Allzu schnell wird dann mit dem Finger auf die Polizisten gezeigt. Während auf der Straße jedermann ein Smartphone aus der Tasche ziehen, den Zugriff filmen und dann genau den Ausschnitt, der ihm gerade passt, ins Internet stellen kann, gibt es für Polizisten keinen Videobeweis. Nur in Ausnahmefällen werden Vernehmungen auf Video aufgezeichnet. In vielen europäischen Ländern ist das anders. Zudem werden im Ausland auch immer mehr Polizisten mit Minikameras ausgestattet. Ein Beweismittel, das Polizisten und Täter schützen kann.

Selbst verschuldeter Teufelskreis

„Niemand will mehr Fehler machen“, erklärt Pit*, ein Beamter aus dem Zentraldienst der Polizei. Und Fehler eingestehen erst recht nicht. „Das wird jungen Polizisten bereits in der Grundausbildung beigebracht“, meint er nicht ohne Zynismus. „Ein Teufelskreis, den wir selbst verschuldet haben“. Bald werde wohl jede Entscheidung eines Polizisten einer Grundsatzstudie unterzogen, fährt Pit* fort.

Von belgischen Verhältnissen sei man in Luxemburg zum Glück noch weit entfernt.

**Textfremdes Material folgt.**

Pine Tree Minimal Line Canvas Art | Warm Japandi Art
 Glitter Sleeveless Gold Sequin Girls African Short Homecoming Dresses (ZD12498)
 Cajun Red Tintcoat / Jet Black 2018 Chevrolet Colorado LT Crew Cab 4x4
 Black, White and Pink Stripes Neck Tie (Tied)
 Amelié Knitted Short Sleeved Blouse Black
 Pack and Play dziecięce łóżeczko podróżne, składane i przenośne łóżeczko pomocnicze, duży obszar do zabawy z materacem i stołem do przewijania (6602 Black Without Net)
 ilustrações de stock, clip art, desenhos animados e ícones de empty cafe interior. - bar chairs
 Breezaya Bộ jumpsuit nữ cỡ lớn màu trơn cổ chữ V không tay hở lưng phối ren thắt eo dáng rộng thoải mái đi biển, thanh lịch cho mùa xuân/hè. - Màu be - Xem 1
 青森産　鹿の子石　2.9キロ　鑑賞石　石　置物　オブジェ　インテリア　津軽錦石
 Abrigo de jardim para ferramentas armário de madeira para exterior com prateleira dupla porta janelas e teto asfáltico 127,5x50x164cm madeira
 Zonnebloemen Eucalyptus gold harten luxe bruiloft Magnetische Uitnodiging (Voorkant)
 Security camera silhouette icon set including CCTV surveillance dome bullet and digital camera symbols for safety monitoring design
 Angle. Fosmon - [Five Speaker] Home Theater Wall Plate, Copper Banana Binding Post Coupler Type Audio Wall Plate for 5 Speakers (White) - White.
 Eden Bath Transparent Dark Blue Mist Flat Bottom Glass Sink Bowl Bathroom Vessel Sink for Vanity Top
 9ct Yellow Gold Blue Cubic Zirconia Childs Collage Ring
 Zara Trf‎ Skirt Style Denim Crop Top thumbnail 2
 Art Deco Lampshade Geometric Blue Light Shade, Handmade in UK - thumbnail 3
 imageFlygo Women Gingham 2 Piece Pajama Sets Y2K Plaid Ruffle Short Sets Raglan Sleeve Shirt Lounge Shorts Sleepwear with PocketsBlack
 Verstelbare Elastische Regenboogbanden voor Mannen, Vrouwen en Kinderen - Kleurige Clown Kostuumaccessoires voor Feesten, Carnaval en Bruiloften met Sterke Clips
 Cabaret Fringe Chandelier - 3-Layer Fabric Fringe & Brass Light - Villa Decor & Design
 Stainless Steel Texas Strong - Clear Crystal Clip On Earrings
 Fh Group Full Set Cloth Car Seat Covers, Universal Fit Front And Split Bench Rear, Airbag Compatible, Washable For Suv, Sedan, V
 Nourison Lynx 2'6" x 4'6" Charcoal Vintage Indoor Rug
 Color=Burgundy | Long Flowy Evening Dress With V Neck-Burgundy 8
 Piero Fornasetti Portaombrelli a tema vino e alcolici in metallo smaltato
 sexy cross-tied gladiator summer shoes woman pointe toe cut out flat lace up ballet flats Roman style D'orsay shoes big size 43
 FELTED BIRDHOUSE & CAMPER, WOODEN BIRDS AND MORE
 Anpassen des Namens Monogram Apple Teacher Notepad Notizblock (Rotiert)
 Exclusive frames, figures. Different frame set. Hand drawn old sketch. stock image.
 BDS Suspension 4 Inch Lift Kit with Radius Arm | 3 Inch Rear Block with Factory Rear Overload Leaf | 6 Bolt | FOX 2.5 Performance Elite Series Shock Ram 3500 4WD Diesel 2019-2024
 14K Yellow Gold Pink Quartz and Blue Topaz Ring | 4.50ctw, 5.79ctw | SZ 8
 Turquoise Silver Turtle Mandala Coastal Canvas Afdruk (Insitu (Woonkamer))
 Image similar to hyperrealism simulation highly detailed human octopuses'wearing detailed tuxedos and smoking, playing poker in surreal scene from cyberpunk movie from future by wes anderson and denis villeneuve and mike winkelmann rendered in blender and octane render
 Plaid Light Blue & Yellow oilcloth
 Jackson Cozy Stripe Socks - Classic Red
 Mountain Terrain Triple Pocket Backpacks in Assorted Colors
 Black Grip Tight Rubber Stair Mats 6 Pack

Dort seien die Gefängnisse derart überfüllt, dass kaum noch jemand, der zu einer Gefängnisstrafe von weniger als drei Jahren verurteilt werde, die Haft antreten müsse. Die Insassen müssten zum Teil in Privatgefängnisse in den Niederlanden ausgelagert werden, und die meisten Verurteilten kämen bereits nach nur einem Drittel ihrer Haftstrafe wieder auf freien Fuß. Eine düstere Perspektive.